Where shall our hearts turn?
Shall we draw back my brother, my sister, or cross over?
This is the hour of change, and within it we stand quietly together on the border of light. What lies before us?
Shall we draw back my brother and sister, or cross over?
(Adapted form the Jewish Shabbat Prayers)

Can we turn off the lights and listen?


2. Recognize the Crisis of Spirit!

Thomas Merton writes: “We have more power at our disposal today than we have ever had, and yet we are more alienated and estranged from the inner ground of meaning and of love than we have ever been.”

I wonder: In a universe of infinite possibilities how on earth
did we end up with this one?
These are troubling times indeed (walk the streets of Mumbai, Managua, Port–au-Prince, Basra, New Orleans, Tijuana, Nairobi, downtown Louisville…).We ought to be deeply disturbed. If you know people who are untroubled, pinch them, because clearly they are not awake! These troubles should be interfering with more than our sleep. They need to get under our skin and disturb our life patterns, our habits and expectations. We who are fashioned in the image of God (who have been brought forth from the dark and deep imagination of the infinite heart of the cosmos) are facing such a crisis of spirit that the lives of God’s children’s children hang in the balance.

Spirituality could be described as that deep motivating force that defines the quality of our lives… come what may! Spirituality is never a private matter. It informs our social order and vice versa. In fact the human communities we create reveal the state of our soul. (Pilgrim walking on the edge of the road... a praying people would never leave s this behind…)
The quality of our relationships, our stance toward life in general, is a reflection of what lies within us. If we could only realize that we are enspirited people learning how to be human, perhaps we would “re-source” our spirits to address this crisis. And we do have tremendous spiritual resources precisely for such times… resources that re-directed us back to the source, the font of our dreams and the source of our hope.

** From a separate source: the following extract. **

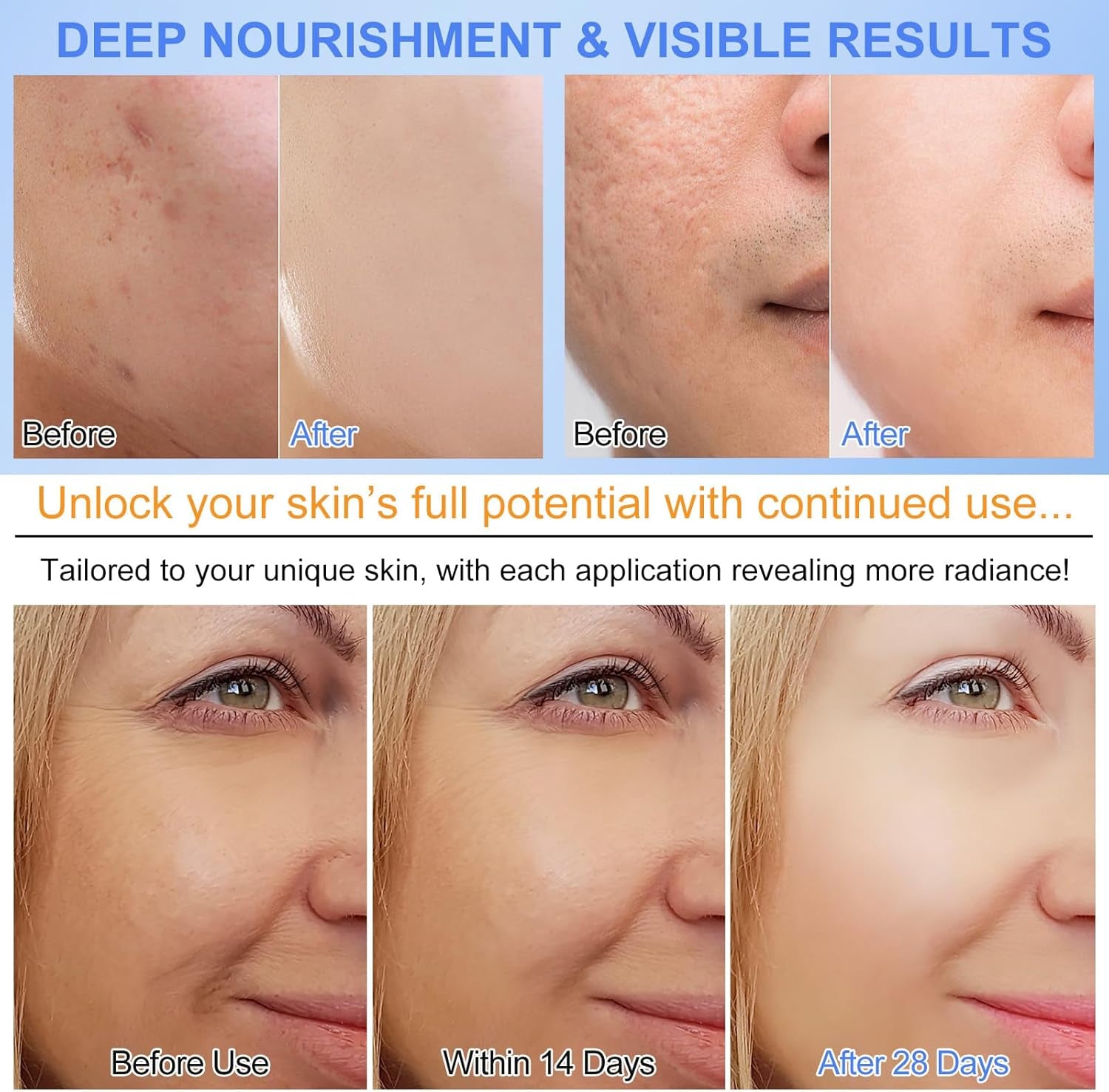 Bio Collagen Face Mask- Moisturise, Firm & Enhance Skin Vitality (34G X 6Ea)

What moves you deeply, guides your thoughts, shapes your actions?
Jesus admonished us to set our hearts on God’s Reign and God’s Justice, for where our hearts are our treasure will be. What lies at the heart and center of your life? Where is your passion… suffering-joy?

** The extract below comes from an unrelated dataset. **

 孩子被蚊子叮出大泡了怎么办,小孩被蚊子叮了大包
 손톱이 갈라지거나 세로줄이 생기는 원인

When possible, on Sunday mornings I walk to church. It is a spiritual practice I enjoy, especially because, at first glance, my neighborhood is neither beautiful nor inspiring.
In fact I live in a “drive-through” part of town. After 14 years I am still disturbed and upset by the neglect and abuse I witness every day in this maligned patch of Eden. I have even been rebuked by well-intentioned police officers for living in the “wrong part of town.” I am aware too, that how I respond to this, my neighborhood is simply a reflection of what lies in me. When I intentionally open my eyes, purposefully pay attention and take the time, I am always amazed. You know there’s is a mocking bird who assaults me with song and a chattering gaggle or sparrows that live alongside the stench of the recycling station. Moved by these encounters, I wonder out loud: if had the wings and opportunity I’d choose a prettier place where the songs would be appreciated. Then I think of how this neighborhood would be without them. And I remember too why I choose this place to be in. The point here is that the Gospel Spirit calls out of our cave, down from the mountain, and into places that may at first seem desolate (like a desert). The work of the Gospel happens here (the Gospel works here… on us and in us)… and in here too. Without practicing peace of mind and heart, I overlook the music in the bushes, or worse still fail to notice the hint of Christ in the stranger’s eyes.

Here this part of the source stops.